2        Mit Strafurteil vom 7. Dezember 2016 war der Revisionswerber wegen Vergehen nach dem Suchtmittelgesetz (SMG) zu einer bedingt nachgesehenen Freiheitstrafe von neun Monaten verurteilt worden. Mit Strafurteil vom 16. Oktober 2017 war er wegen mehrerer Verbrechen und Vergehen nach dem SMG, versuchten Widerstands gegen die Staatsgewalt, schwerer Körperverletzung und Sachbeschädigung zu einer Freiheitsstrafe von drei Jahren verurteilt worden. Im Strafverfahren hatte der Revisionswerber eine dritte Identität angegeben.

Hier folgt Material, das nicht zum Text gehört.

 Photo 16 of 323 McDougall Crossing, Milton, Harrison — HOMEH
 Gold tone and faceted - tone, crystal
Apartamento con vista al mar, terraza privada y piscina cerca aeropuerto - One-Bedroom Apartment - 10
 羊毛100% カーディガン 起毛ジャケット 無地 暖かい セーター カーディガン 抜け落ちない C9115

3        Im Anschluss an die Strafhaft wurde über den Revisionswerber mit sogleich in Vollzug gesetztem Bescheid des BFA vom 11. November 2019 gemäß § 76 Abs. 2 Z 2 FPG die Schubhaft zum Zweck der Sicherung der Abschiebung angeordnet. Die gegen diesen Bescheid und die Anhaltung in Schubhaft erhobene Beschwerde wies das Bundesverwaltungsgericht mit Erkenntnis vom 15. Jänner 2020 als unbegründet ab, und es stellte gemäß § 22a Abs. 3 BFA-VG fest, dass zum Zeitpunkt der Entscheidung die Voraussetzungen für die Fortsetzung der Schubhaft vorlägen. Mit Erkenntnis des Bundesverwaltungsgerichts vom 11. März 2020 wurde gemäß § 22a Abs. 4 BFA-VG festgestellt, dass die für die Fortsetzung der Schubhaft maßgeblichen Voraussetzungen vorlägen und die Aufrechterhaltung der Schubhaft zum Zeitpunkt der Entscheidung verhältnismäßig sei.

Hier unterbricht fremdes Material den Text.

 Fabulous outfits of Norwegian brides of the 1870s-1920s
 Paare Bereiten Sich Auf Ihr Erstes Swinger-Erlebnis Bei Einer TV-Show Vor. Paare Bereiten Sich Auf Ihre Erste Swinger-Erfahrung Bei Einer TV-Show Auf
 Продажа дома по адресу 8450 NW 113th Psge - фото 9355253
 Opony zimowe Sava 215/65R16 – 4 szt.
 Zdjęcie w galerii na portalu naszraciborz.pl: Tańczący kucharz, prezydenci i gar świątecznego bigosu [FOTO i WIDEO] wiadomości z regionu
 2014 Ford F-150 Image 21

4        Am 8. April 2020 legte das BFA neuerlich gemäß § 22a Abs. 4 BFA-VG die Akten zwecks Prüfung der Verhältnismäßigkeit der weiteren Anhaltung vor und erstattete eine Stellungnahme insbesondere zum Stand des Verfahrens zur Erlangung eines Heimreisezertifikats für den Revisionswerber.

5        Mit dem angefochtenen Erkenntnis vom 9. April 2020 stellte das Bundesverwaltungsgericht gemäß § 22a Abs. 4 BFA-VG fest, dass zum Zeitpunkt der Entscheidung die für die Fortsetzung der Schubhaft maßgeblichen Voraussetzungen vorlägen und die Aufrechterhaltung der Schubhaft verhältnismäßig sei.

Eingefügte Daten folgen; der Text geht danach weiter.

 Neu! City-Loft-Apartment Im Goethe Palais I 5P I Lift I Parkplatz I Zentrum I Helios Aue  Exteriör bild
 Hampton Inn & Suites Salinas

6        Zur Frage der Erlangbarkeit eines Heimreisezertifikats führte das Bundesverwaltungsgericht wörtlich Folgendes aus:

„Das Bundesamt pflegt eine intensive Zusammenarbeit mit der marokkanischen Botschaft und setzt, gemeinsam mit dem Außen- und Innenministerium zahlreiche Schritte um die Kooperation zu intensivieren. Regelmäßige Antworten und Zustimmungen in Form von Verbalnoten von der marokkanischen Botschaft an das Bundesamt werden übermittelt. Bei konstruktiver Mitwirkung des Fremden bei der Personenfeststellung (Vorlage von Dokumenten, richtige Personenangaben) sollte die Identifizierung rasch erfolgen können. Die Botschaft hat noch nicht bekannt gegeben, ob für den [Revisionswerber] ein Identifizierungsinterview erforderlich sein wird. Eine Ablehnung der marokkanischen Vertretungsbehörde für den [Revisionswerber] ein Heimreisezertifikat auszustellen ist beim Bundesamt bisher nicht eingelangt. Die Erlangung eines Heimreisezertifikats ist weiterhin möglich.“

Anschließend hielt das Bundesverwaltungsgericht fest, dass sich eine Änderung der Umstände seit der Feststellung vom 11. März 2020, dass die Voraussetzungen für die Fortsetzung der Schubhaft weiterhin vorlägen, im Verfahren nicht ergeben habe.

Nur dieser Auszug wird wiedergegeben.